Most people do not realize that the major problem with the field of library science is one of making a decision. A friend of mine once said, "If you put three librarians in a room, you will get seven different opinions."
Librarians, library staff, and library directors often have problems making decisions mostly because of the nature of our profession. Every reader his/her book is a daunting task. This is what makes the digital future like in the Long Tail so amazing. If you could offer everything, then you would not have to decide on purchasing one book over another, you can just make everything available and then everyone will get their individual book, song, or movie.

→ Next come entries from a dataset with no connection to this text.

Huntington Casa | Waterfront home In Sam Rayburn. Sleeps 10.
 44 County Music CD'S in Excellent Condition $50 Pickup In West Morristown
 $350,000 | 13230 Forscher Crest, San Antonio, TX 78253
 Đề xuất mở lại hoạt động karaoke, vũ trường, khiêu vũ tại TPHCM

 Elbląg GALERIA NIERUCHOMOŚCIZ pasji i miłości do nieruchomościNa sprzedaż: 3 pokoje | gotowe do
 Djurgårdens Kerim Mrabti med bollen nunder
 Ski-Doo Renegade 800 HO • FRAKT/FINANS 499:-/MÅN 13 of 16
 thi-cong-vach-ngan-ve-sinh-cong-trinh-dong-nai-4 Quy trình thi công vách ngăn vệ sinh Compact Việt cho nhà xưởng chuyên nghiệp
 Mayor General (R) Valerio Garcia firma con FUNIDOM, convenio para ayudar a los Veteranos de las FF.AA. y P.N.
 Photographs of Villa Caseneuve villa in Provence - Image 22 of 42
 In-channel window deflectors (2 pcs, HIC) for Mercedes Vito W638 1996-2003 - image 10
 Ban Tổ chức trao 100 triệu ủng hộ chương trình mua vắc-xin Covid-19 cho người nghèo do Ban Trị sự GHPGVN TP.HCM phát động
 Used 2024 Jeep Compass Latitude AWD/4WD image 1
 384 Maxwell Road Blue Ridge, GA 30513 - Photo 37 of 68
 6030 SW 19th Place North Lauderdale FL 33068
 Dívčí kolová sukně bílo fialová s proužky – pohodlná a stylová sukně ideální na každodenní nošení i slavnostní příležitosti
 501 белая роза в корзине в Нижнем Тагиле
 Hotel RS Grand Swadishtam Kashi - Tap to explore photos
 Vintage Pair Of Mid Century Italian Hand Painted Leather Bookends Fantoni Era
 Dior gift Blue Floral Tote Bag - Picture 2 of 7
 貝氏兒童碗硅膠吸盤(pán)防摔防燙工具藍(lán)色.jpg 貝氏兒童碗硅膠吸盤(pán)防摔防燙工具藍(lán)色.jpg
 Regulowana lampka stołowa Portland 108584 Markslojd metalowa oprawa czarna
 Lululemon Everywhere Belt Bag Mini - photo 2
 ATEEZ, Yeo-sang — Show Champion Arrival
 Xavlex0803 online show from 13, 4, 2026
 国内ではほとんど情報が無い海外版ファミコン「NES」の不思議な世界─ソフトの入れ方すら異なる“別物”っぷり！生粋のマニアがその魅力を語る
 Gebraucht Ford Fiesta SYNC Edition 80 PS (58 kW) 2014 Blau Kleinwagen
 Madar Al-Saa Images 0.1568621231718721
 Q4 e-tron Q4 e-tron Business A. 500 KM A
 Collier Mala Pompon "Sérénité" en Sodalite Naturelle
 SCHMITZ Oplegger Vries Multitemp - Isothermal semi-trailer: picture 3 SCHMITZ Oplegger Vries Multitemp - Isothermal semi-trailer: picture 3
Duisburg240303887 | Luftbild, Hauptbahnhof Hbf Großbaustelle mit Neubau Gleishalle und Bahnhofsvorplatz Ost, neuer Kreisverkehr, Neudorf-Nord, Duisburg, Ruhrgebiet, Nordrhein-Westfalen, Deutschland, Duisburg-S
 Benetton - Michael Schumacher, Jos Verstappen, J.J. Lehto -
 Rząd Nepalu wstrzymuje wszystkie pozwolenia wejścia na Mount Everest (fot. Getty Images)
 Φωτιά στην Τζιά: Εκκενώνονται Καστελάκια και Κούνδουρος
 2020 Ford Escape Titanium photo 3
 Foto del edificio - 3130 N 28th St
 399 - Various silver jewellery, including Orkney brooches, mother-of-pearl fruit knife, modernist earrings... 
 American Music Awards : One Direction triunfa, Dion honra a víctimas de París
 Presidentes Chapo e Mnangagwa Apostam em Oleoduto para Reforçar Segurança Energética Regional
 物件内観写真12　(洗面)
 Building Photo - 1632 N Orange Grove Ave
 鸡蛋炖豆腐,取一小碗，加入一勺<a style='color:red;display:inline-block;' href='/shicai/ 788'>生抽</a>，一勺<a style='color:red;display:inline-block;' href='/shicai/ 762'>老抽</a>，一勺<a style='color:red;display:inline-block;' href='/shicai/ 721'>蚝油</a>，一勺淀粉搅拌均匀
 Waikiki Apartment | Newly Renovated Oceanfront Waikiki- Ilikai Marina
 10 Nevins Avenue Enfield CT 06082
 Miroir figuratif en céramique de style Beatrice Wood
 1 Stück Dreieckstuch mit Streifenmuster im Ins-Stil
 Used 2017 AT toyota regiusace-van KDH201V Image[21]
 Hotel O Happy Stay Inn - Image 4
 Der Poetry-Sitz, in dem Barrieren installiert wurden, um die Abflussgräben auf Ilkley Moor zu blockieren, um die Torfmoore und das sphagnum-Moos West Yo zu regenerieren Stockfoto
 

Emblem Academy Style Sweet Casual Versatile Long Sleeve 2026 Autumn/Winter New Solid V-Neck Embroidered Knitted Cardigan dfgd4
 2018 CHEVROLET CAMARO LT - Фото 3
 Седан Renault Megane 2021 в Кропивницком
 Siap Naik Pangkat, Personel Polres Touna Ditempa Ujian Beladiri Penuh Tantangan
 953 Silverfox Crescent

However, we are bit off from libraries providing that. In the mean time, we are stuck in committees trying to make decisions over minor matters and making big deals out of it. What should the Marc number be, should we put the CD that came with the book inside the book, or separate, what happens if we let patrons in and they destroy all of the books? It becomes analysis paralysis.
As a manager, it is important to keep staff on task and not bogged down with such decisions. Sometimes committees can be formed, but that is a sure way to slow down a process. I find it best to gather all the information, create a document, then let staff adjust it so they can give input. Otherwise, you will spend hours, days, weeks, months, even years creating a document and getting things done.
1. Identify the problem (is it REALLY a problem?)
2. Determine its severity (is this a crisis, or a back burner project?)
3. Gather information (first person information is very valuable, it lends weight to your final decision and more importantly, allows you to make a better decision)
4. Talk to other people (your staff, patrons, your vendor, other libraries, what are they doing?)
5. Make a decision as to the action plan
6. Create a procedure (update procedures)
7. Put people in charge of it (sometimes that is you)
8. Set its priority
9. Monitor the progress of the project
10. Adjust as you go.
Procedure manuals are always good things, just remind your staff to use good judgment, and talk to them afterward when they do. Reward them if they did a good job, with a thank you to start, provide explanation if they didn't. Don't criticize them if it was something unexpected that they could not handle. You can always coach them to think more critically about a situation.